We generally omit any multiplication signs that are not strictly necessary.

\text{Items} = 28(p+2f+5c)

The Distributive Property of Multiplication means that when faced with a term multiplying other terms inside parentheses, the outside term multiplies with each of the terms inside the parentheses.

So the teacher needs 28 class photos, 56 party favors and 140 pieces of candy.

The Distributive Property works when we have numbers inside the parentheses. You can see this by looking at a simple problem and considering the Order of Operations.

Example 1

Determine the value of 11(2 + 6) using both Order of Operations and the Distributive Property.

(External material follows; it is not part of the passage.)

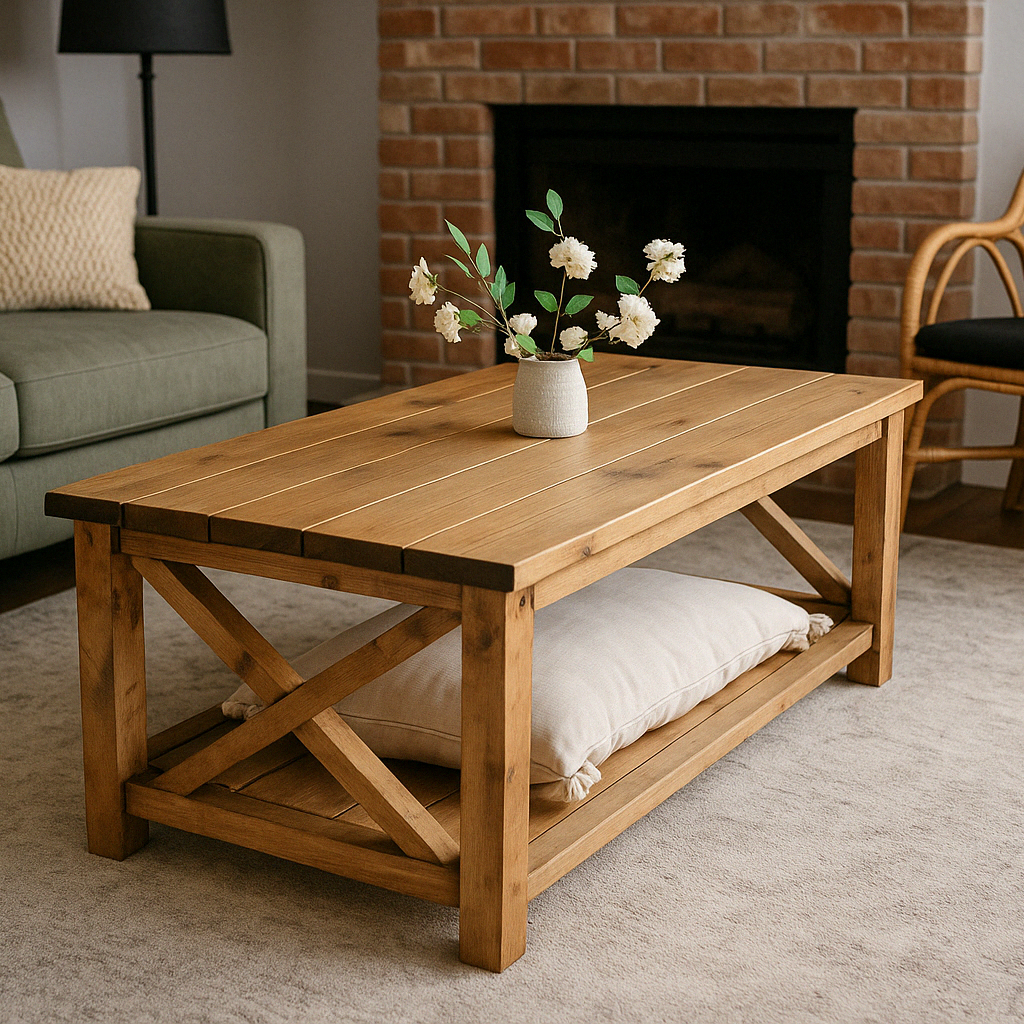 Farmhouse Coffee Table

First, we consider the problem with the Order of Operations – PEMDAS dictates that we evaluate the amount inside the parentheses first.

Solution

11(2 + 6) = 11(8) = 88

Next we will use the Distributive Property. We multiply the 11 by each term inside the parentheses.

Solution

11(2 + 6) = 11(2) + 11(6) = 22 + 66 = 88

Example 2

Determine the value of 11(2 - 6) using both the Order of Operations and the Distributive Property.

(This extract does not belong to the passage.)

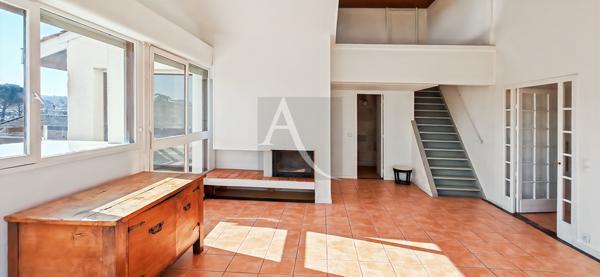Appartement 4 pièces et mezzanine de 90m2 avec terrasses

First, we consider the Order of Operations and evaluate the amount inside the parentheses first.

Solution

11(2- 6) = 11(-4) = - 44

Next, the Distributive Property.

Solution

11(2 - 6) = 11(2) + 11(-6) = 22 - 66 = - 44

Note When applying the Distributive Property you MUST take note of any negative signs!

Example 3

Use the Distributive Property to determine the following.

a)  11(2x+6)

b)  7(3x-5)

c)  \frac {2}{7}\left ( {3y^2-11} \right )

d)  \frac {2x}{7} \left (3y^2- \frac{11}{xy} \right )

a) Simply multiply each term by 11.

Solution

11(2x+6)=22x+66

b) Note the negative sign on the second term.

Solution

7(3x-5)=21x-35

c)  \frac {2}{7}\left ( {3y^2-11} \right )=\frac {2}{7}\left ( {3y^2} \right )+\frac {2}{7}\left ( {-11} \right )=\frac {6y^2}{7}-\frac {22}{7}

Solution

 \frac {2}{7}\left ( {3y^2-11} \right )=\frac {6y^2-22}{7}

d) \frac{2x} {7} \left (3y^2 - \frac{11} {xy}\right ) = \frac{2x} {7} (3y^2) + \frac{2x} {7} \left (\frac{-11} {xy}\right ) = \frac{6x^2y} {7} \frac{-22 \cancel{x}} {7 \cancel{x}y}

Solution

 \frac {2x}{7}\left ( {3y^2 -\frac {11}{xy}} \right )=\frac {6xy^3-22}{7y}

Identify Expressions That Involve the Distributive Property

The Distributive Property often appears in expressions, and many times it does not involve parentheses as grouping symbols. In Lesson 1.2, we saw how the fraction bar acts as a grouping symbol. The following example involves using the Distributive Property with fractions.

Example 4

Simplify the following expressions.

a)  \frac {2x+8}{4}

b)  \frac {9y-2}{3}

c)  \frac {z+6}{2}

Even though these expressions are not written in a form we usually associate with the Distributive Property, the fact that the numerator of fractions should be treated as if it were in parentheses makes this a problem that the Distributive Property can help us solve.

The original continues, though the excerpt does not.